A certain level of familiarity with the intellectual climate of the time when the piece was made is indispensable. Reading what a critic has to say could give you a way in to the piece. A really good critic is an artist in his own right in the sense that he helps form the spirit of the period- think of Ruskin and the preraphaelites, or Greenberg with abstract expressionism. I’m not saying that everybody who goes to a gallery should attempt to read Derrida though- that would only make the experience more intimidating. A good place to start for the interested member of the public would be the ‘very short introduction’ series, or possibly the illustrated ‘introducing’ books. Both series are very good at giving the reader a solid orientation in a short space of time. The other book I thoroughly recommend is Gombrich’s ‘the story of art’. He’s gone out of fashion recently, and there are bits that you possibly shouldn’t take too much to heart, but generations of artists and gallery-goers have read and valued this book.

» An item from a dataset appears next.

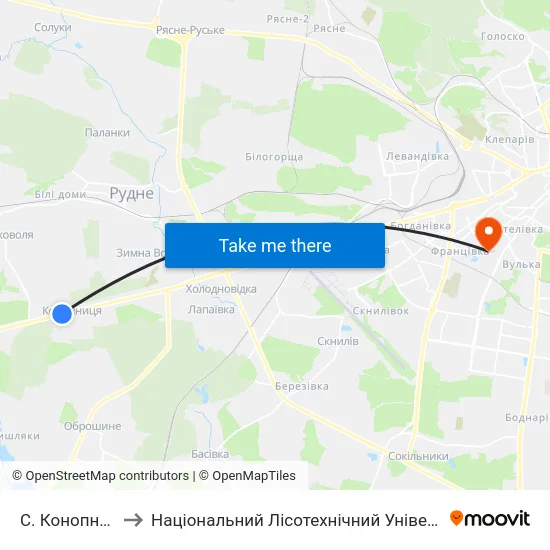 С. Конопниця to Національний Лісотехнічний Університет map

Another point is not to assimilate other people’s bad ideas about Art. Give yourself the freedom to experience and interpret the work for yourself. Don’t be intimidated by the label, either. A lot of exhibitions have extra documentation- sheets of notes, catalogues etc. I tend to wait to read this sort of stuff until after I’ve seen the exhibition, but some pieces actually rely on knowledge that’s difficult to come by except by reading the documentation- information about how the piece was made, for example. Possibly the best advice is to have a look first, and if you find yourself stuck on a particular piece to have a look at the documentation then. It could make all the difference. A lot of people would ask what makes an unmade bed art, and miss out on the fact that Emin’s bed was the bed on which she lay after a painful break-up with her boyfriend of the time, and the mess and clutter act as a portrait of her emotional state at the time.

I hope this little article will hope you get more out of your next visit to a gallery. Art is a vast, weird and wonderful world and a little orientation helps enormously.